▶ **Data to use**:
[Start of section]

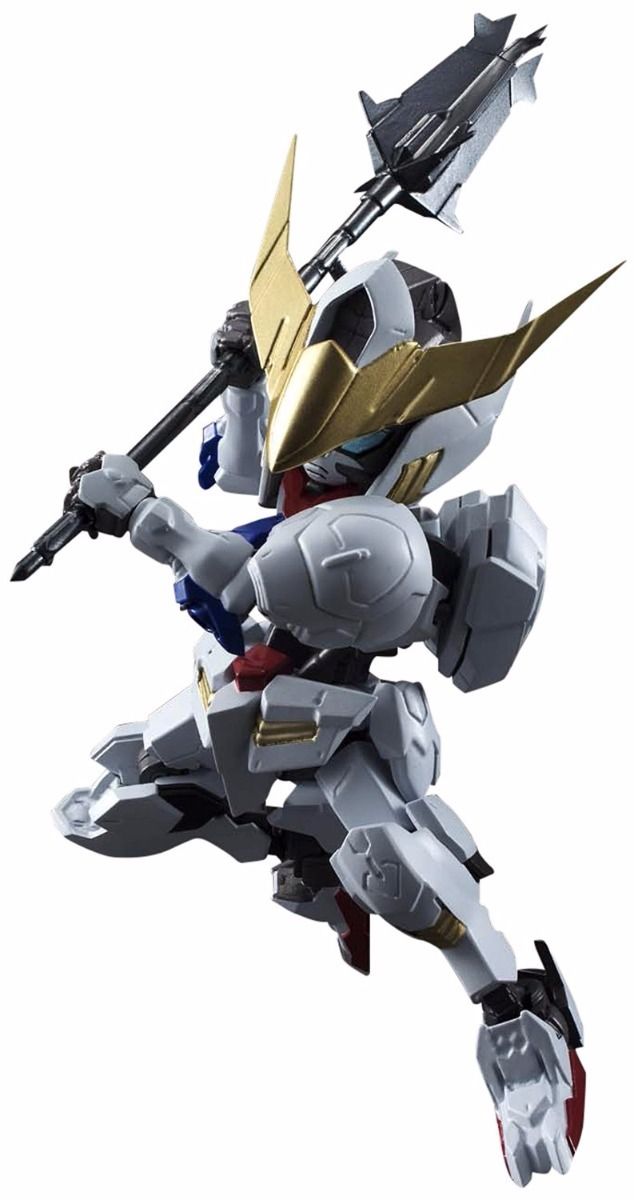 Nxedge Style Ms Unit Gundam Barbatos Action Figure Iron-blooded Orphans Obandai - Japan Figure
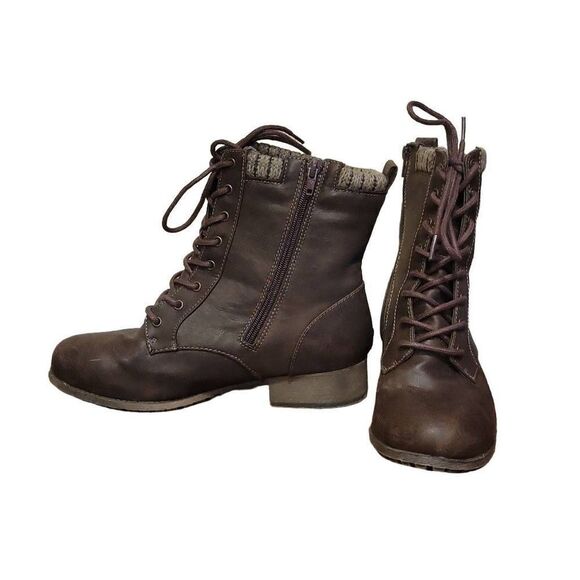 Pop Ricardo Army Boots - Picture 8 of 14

[End of section]
[Start of section]

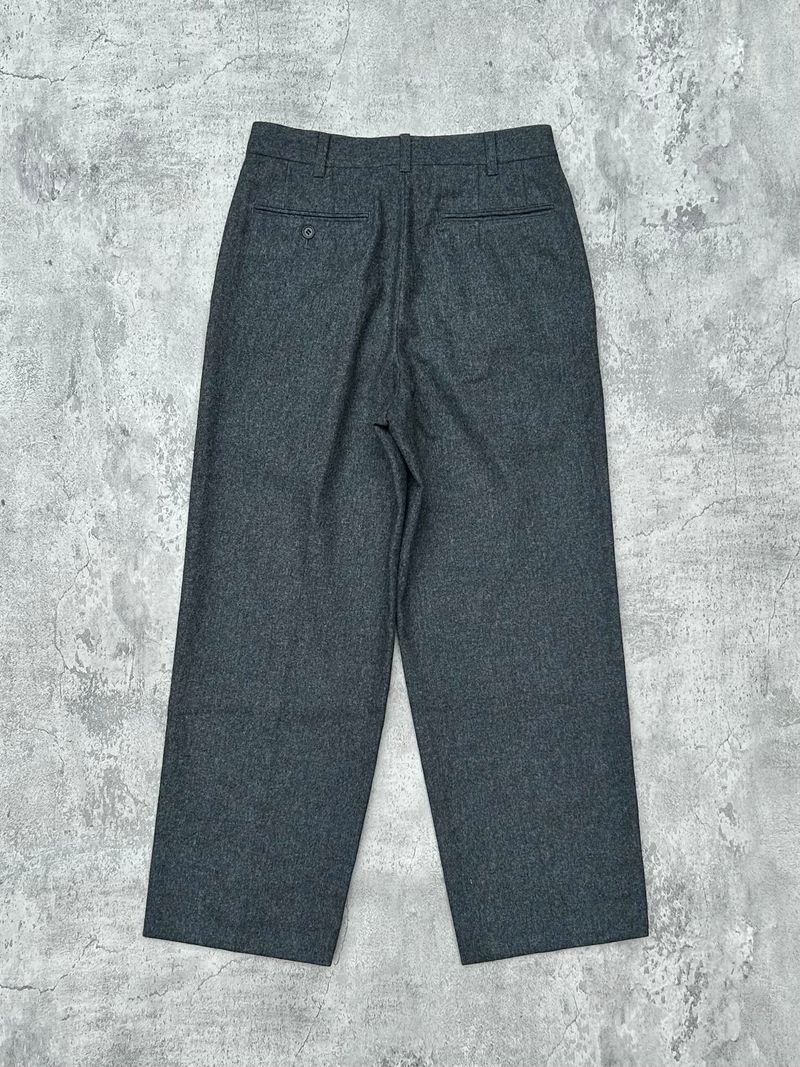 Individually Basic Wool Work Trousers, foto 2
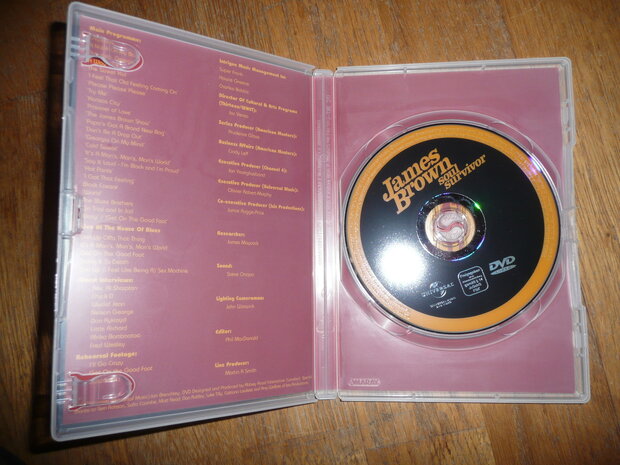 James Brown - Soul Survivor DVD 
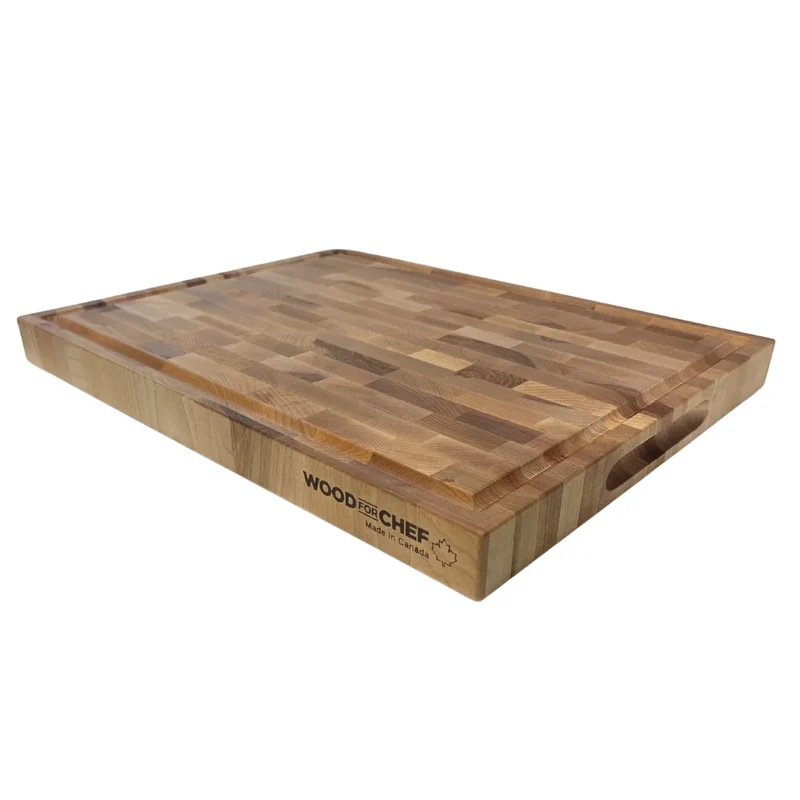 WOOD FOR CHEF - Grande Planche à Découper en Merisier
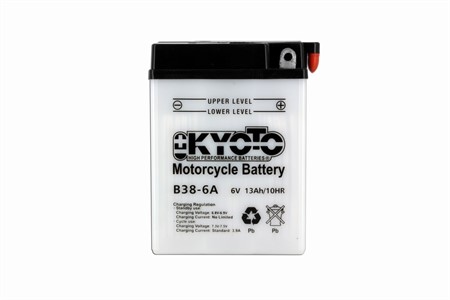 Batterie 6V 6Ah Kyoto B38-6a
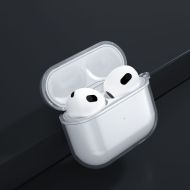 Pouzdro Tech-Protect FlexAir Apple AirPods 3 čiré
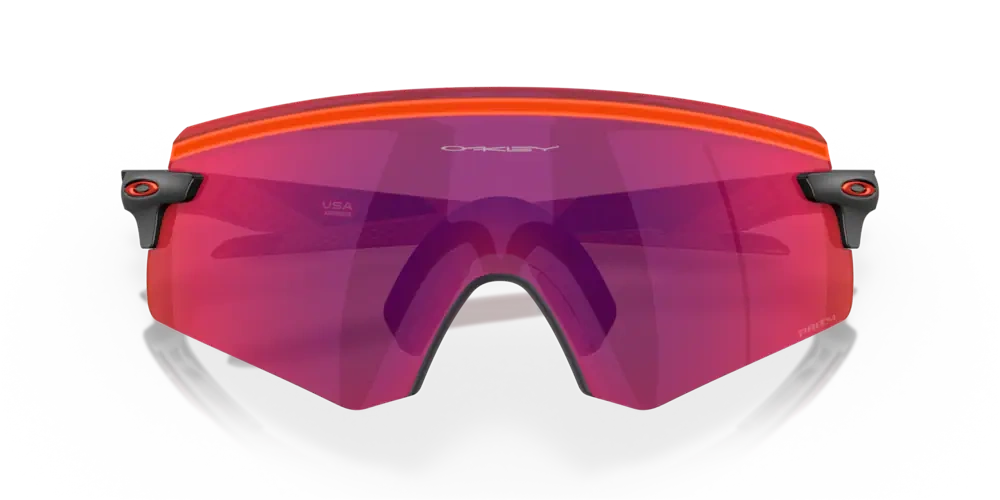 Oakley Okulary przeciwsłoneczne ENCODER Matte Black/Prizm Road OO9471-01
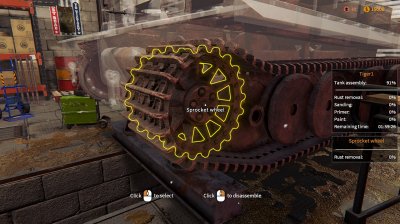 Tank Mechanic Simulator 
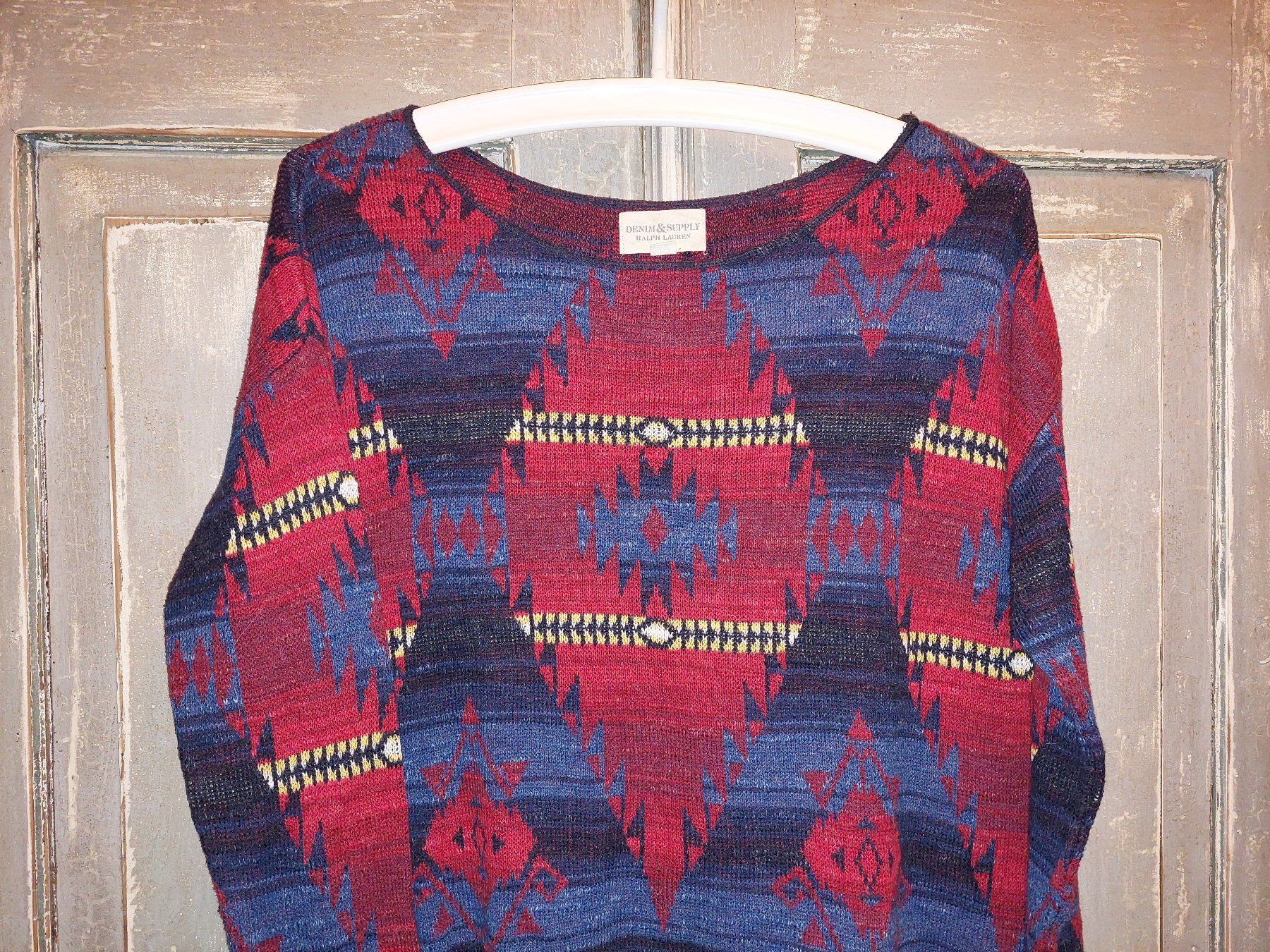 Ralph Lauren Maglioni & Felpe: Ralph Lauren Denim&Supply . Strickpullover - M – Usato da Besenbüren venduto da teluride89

[End of section]
[Start of section]

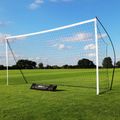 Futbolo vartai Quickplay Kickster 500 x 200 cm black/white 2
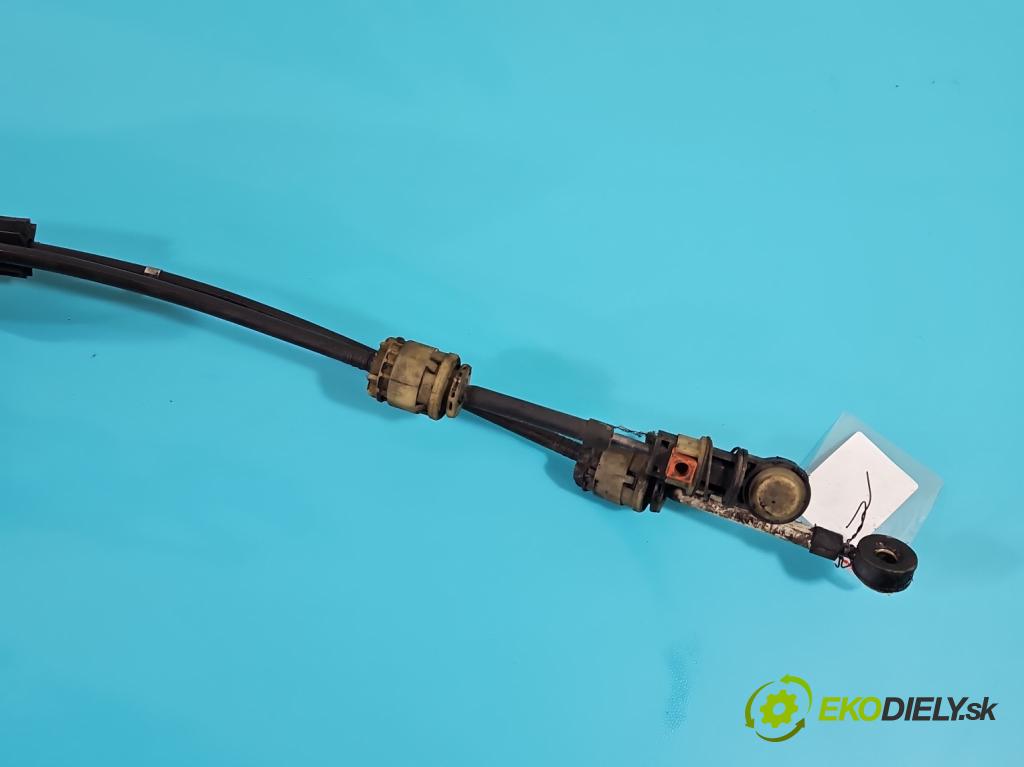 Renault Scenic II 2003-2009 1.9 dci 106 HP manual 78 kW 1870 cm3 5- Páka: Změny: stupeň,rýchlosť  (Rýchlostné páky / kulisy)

[End of section]

▶ **Task item**: Each line above from the one containing "Oakley Okulary przeciwsłoneczne" through the one containing "Ralph Lauren Maglioni" is to be returned verbatim. Nothing else, and no pictures.

▶ **Written answer**:
 Oakley Okulary przeciwsłoneczne ENCODER Matte Black/Prizm Road OO9471-01
 Tank Mechanic Simulator 
 Ralph Lauren Maglioni & Felpe: Ralph Lauren Denim&Supply . Strickpullover - M – Usato da Besenbüren venduto da teluride89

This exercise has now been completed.